Bad Things Come in “Three’s”, Too–Three Difficult Situations in the Life of a Massachusetts Real Estate Attorney

In general, the fact that I have been practicing for over 40 years in Massachusetts puts me in a position where I can honestly say “I’ve seen that, and I believe I know what to do to fix it” rather easily. This past week I encountered three (3)  difficult scenarios, and I am fixing them, but (1) there was a lot more work involved than I will get paid for and (2) I wish I were a little more certain that my solution to each problem is going to work.

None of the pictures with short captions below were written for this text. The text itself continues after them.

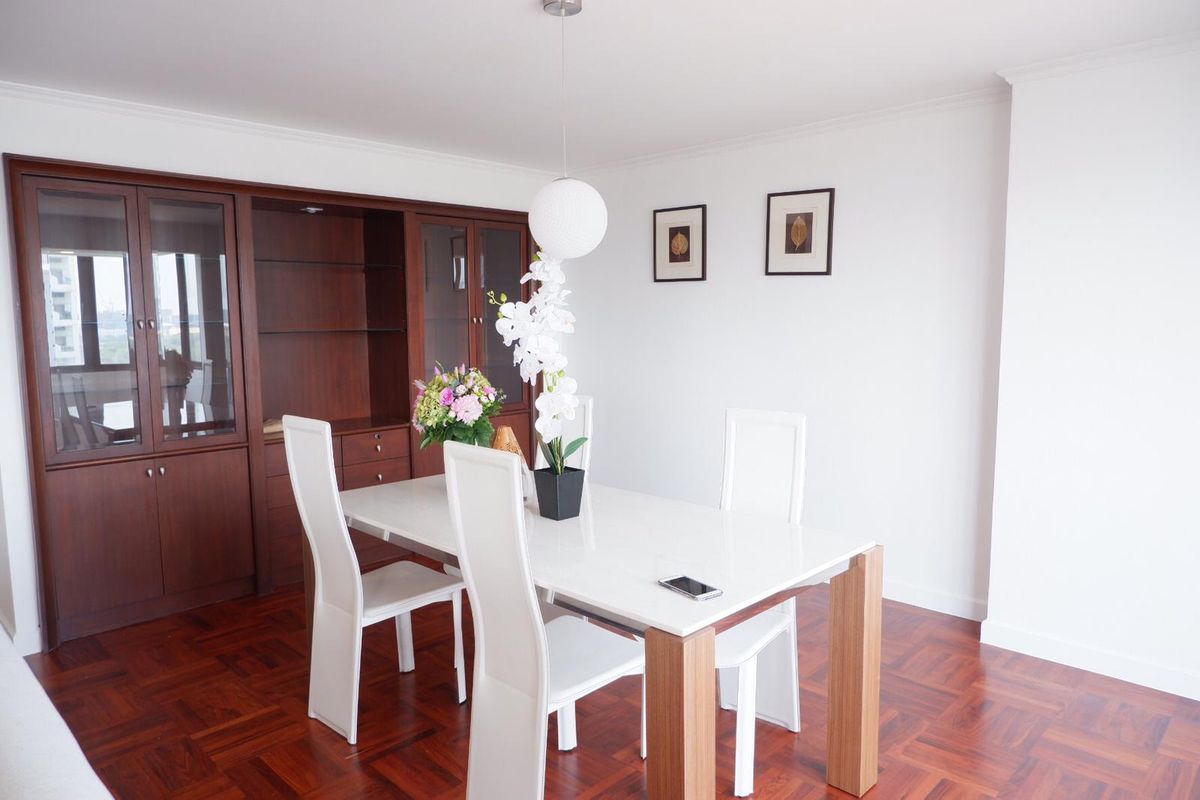 ให้เช่าคอนโดนานา : Omni Tower ซอยสุขุมวิท 4  ชั้น 14 ขนาด 132 ตรม. 2 ห้องนอนห้องมุม มองเห็นวิวสวยจากทุกห้อง พร้อมเฟอร์นิเจอร์ระดับไฮเอนด์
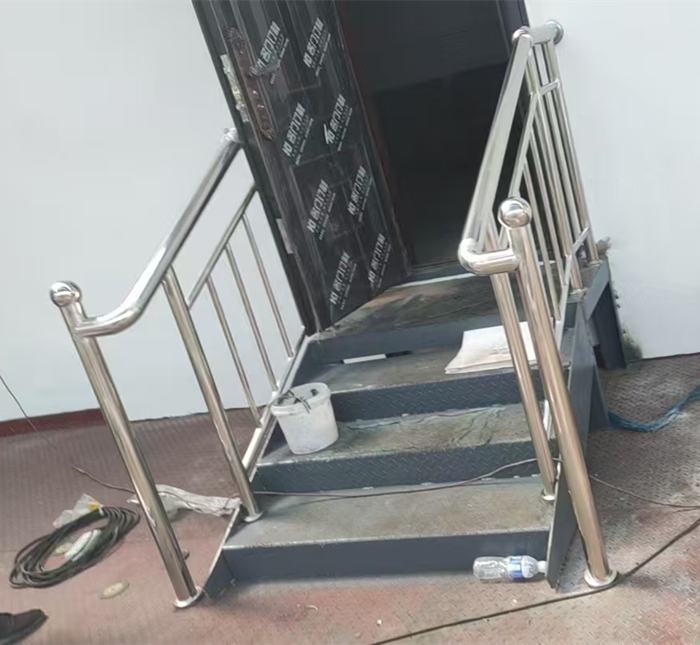 不锈钢楼梯扶手安装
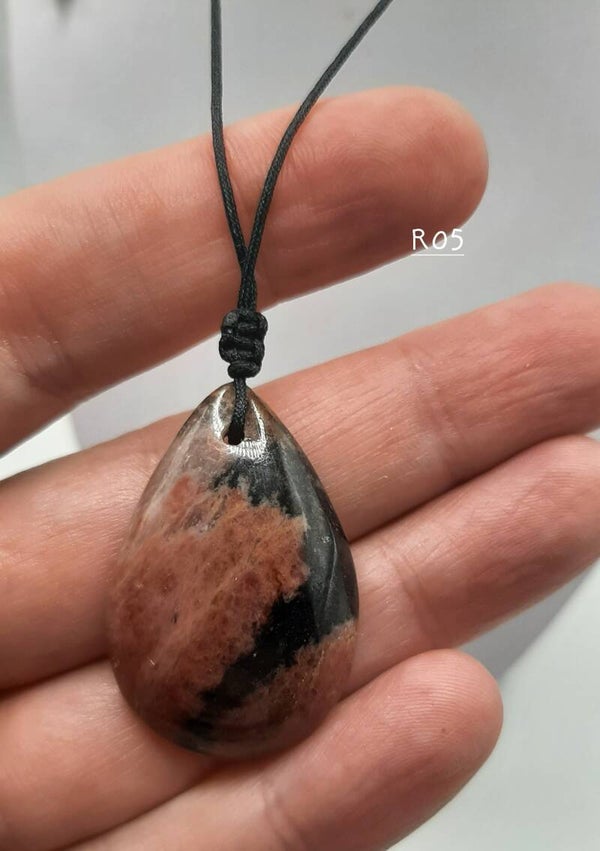 Collier rhodonite R05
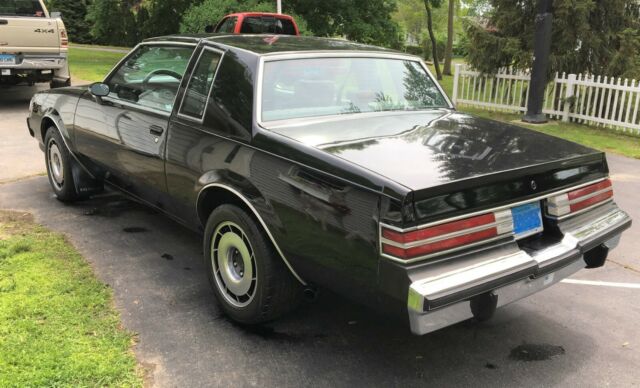1987 Buick Regal Limited - photo 10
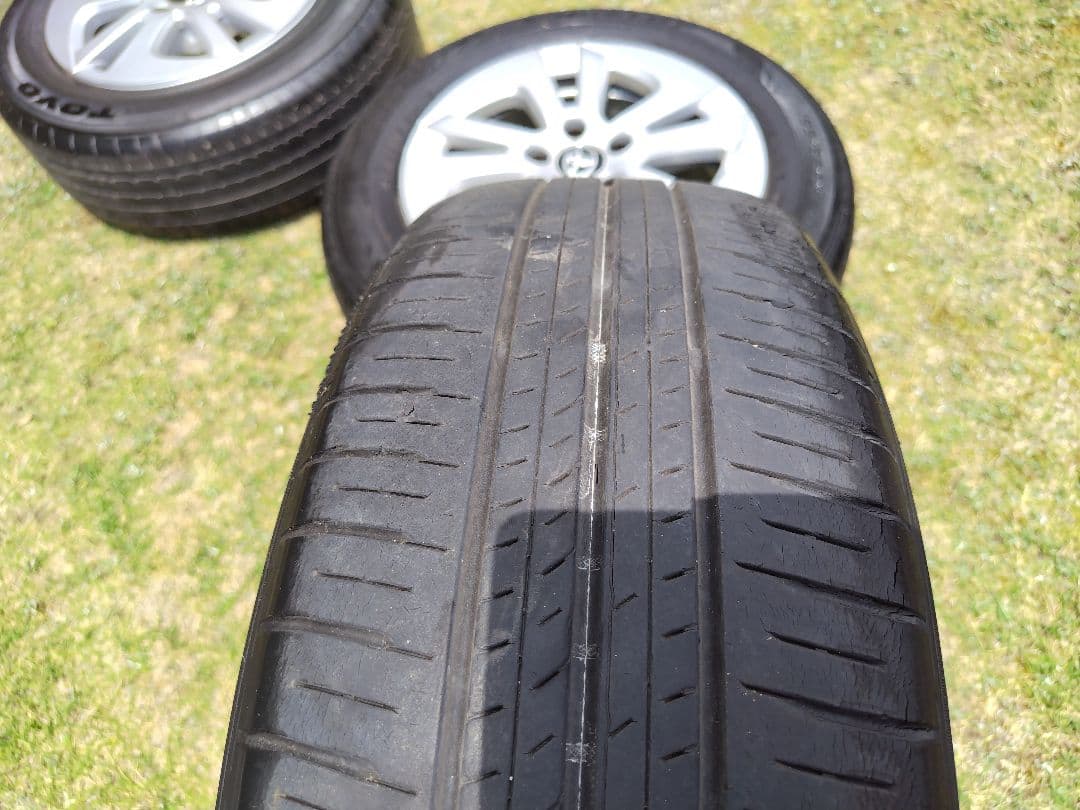 t*a様 k*7様 50プリウス　純正 15インチ ホイールタイヤセット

1. The Case of the Totally Mismanaged, and Misdrafted, Nominee Realty Trust. In Massachusetts,people use nominee realty trusts  for numerous purposes . The main reason is anonymity, I believe, although there are recent Supreme Judicial Court decisions which suggest that the names of the beneficial (i.e. real) owners can be determined by discovery if there is litigation. In any event, my client is the Buyer purchasing a single family residence from a nominee trust. Seems rather simple, no? It isn’t. The Trust was poorly drafted; two of the beneficiaries have died during its pendency. Probates will be required. We certainly will NOT be closing on January 8, 2010. I have working on a use and occupancy agreement. I must make sure that this document will not adversely affect my client’s financing. These days, anything you do can affect your client’s financing!!!

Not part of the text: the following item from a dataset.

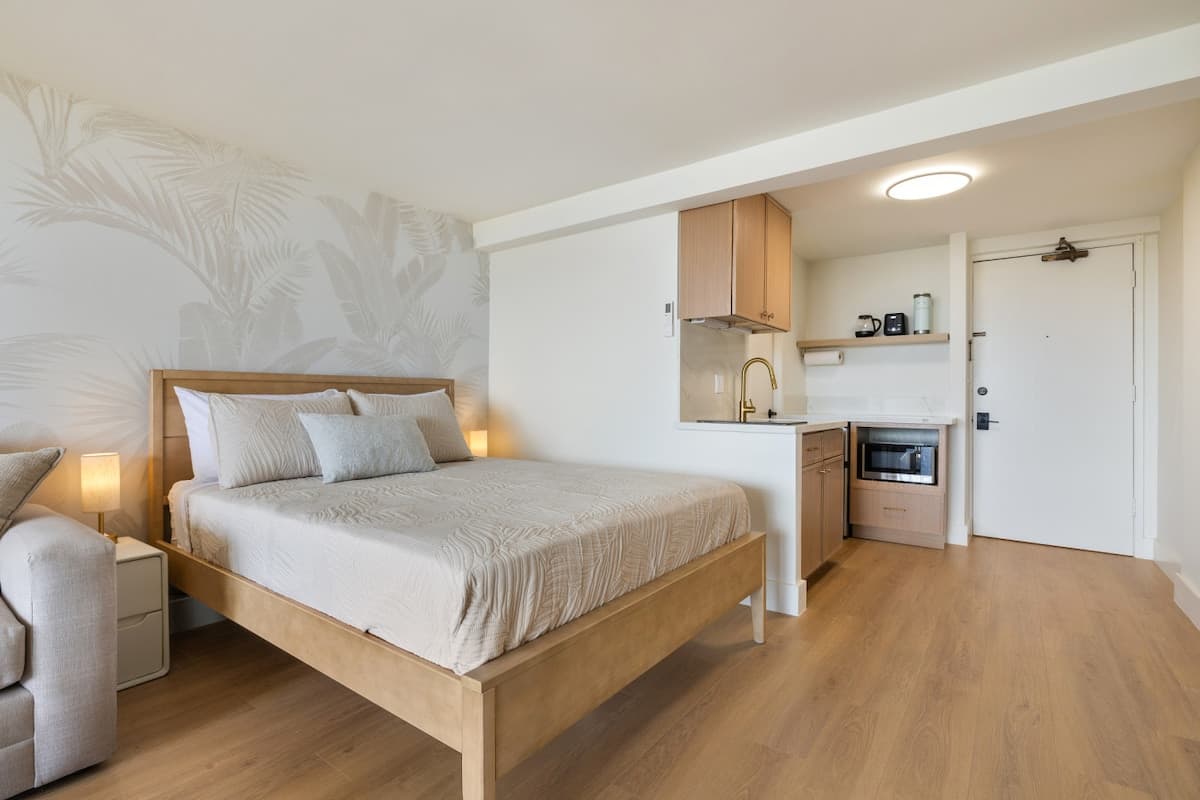 Condo in Honolulu · ★4.96 · 1 bedroom · 2 beds · 1 private bath - Photo 2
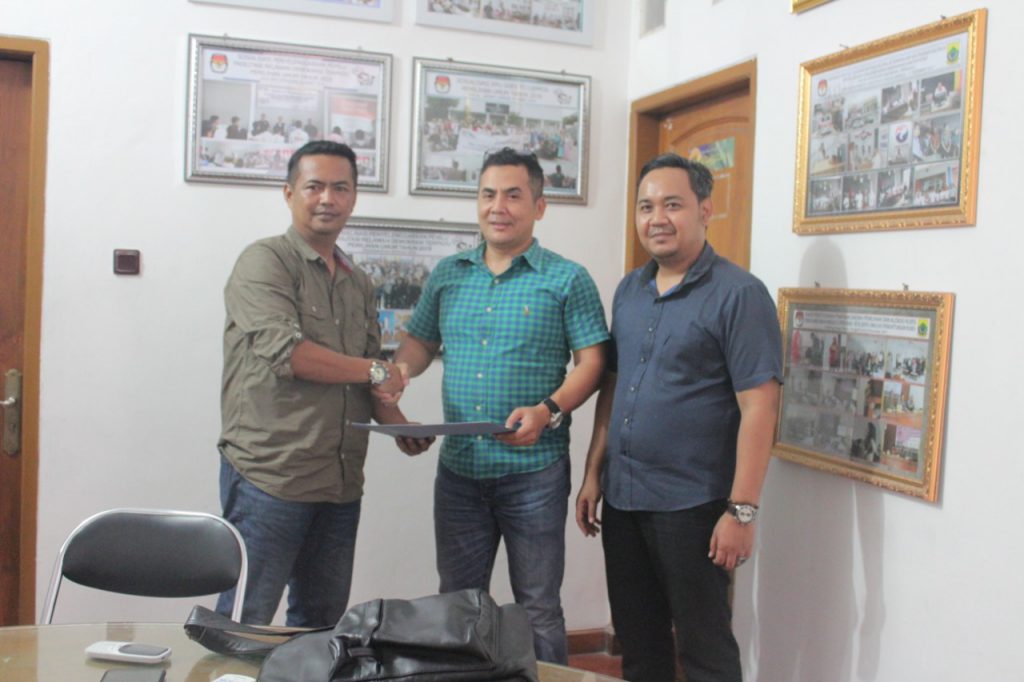 Empat Bapaslon Independen Sudah Ambil Silon ke KPU Cianjur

2. The Case of the Abutter’s Deck having a part thereof on the land my client is purchasing. Fortunately, the Abutter is, in effect, the same person as the Seller. The names on the titles are different so that the two lots are not merged, since neither one of them is a conforming lot for zoning purposes. My solution here is an Abutter’s Agreement, between the Buyer, Seller and Abutter. I am putting this document on record, so it will   who purchase the Abutter’s property. The Abutter’s Agreement will give the Abutter a couple of months to trim his deck. If he does not do it, my client can do the trimming and obtain reimbursement from the Abutter. If the Abutter does not pay, the Abutter has consented to a lien being attached to his home. We can close on this basis; I always worry whether I am opening up a hornet’s nest not getting the work done before closing. There is more than a foot of snow on the ground in Massachusetts. The delayed resolution seems the only one available.

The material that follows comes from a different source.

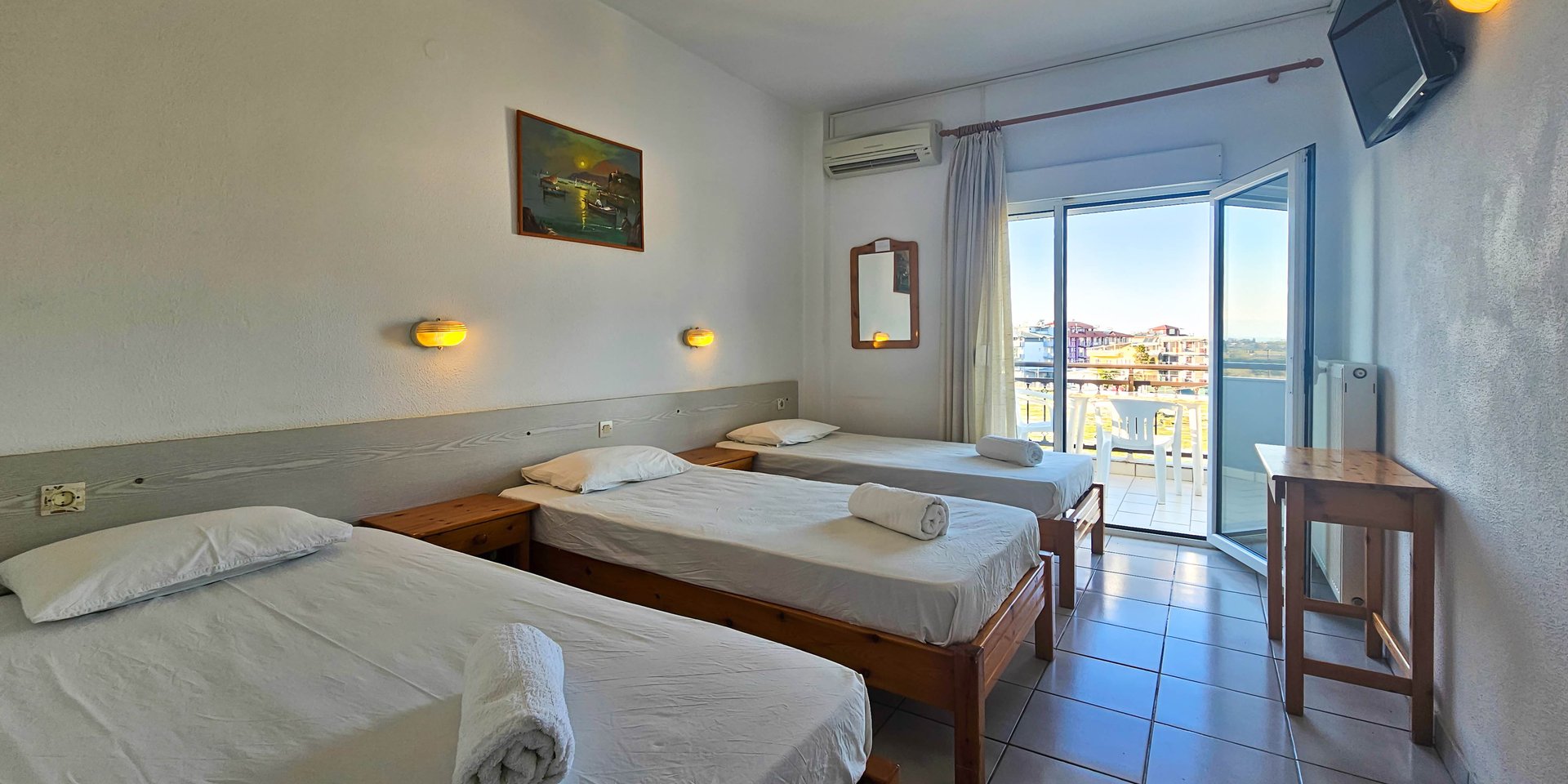 Triple Twin Room with Street View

3. The Case of your water and sewer connections going through my land. This case is not so very different from Case #2, except the solution is below ground and continuing. Again, a common owner scheme, so my Buyer had an opportunity to formulate a proposed solution. The plan here was an Easement, which would reference a Engineer’s Plan, which would be recorded at the Registry of Deeds. This is an expensive solution, but I was able to convince the Seller to pay for the Engineering work and my drafting. I guess my concern here is just how careful the Seller will be if he has to dig up my client’s lawn to do a water line rupture. I have included  what I consider “necessary language” regarding indemnification,  but I never can be sure that it will prove to be adequate.

So, these are three situations where creative thought, and drafting are required. Many people ask me how I can continue to do residential real estate transactions because they are so repetitive and boring. Solving the problems set forth above certainly do not qualify in those categories. besides, helping people buy the home of their dreams is really never boring. Ditto, the fact that every client has a different story, and their individual story, which I gain insight into while working with them, enriches my own life experiences.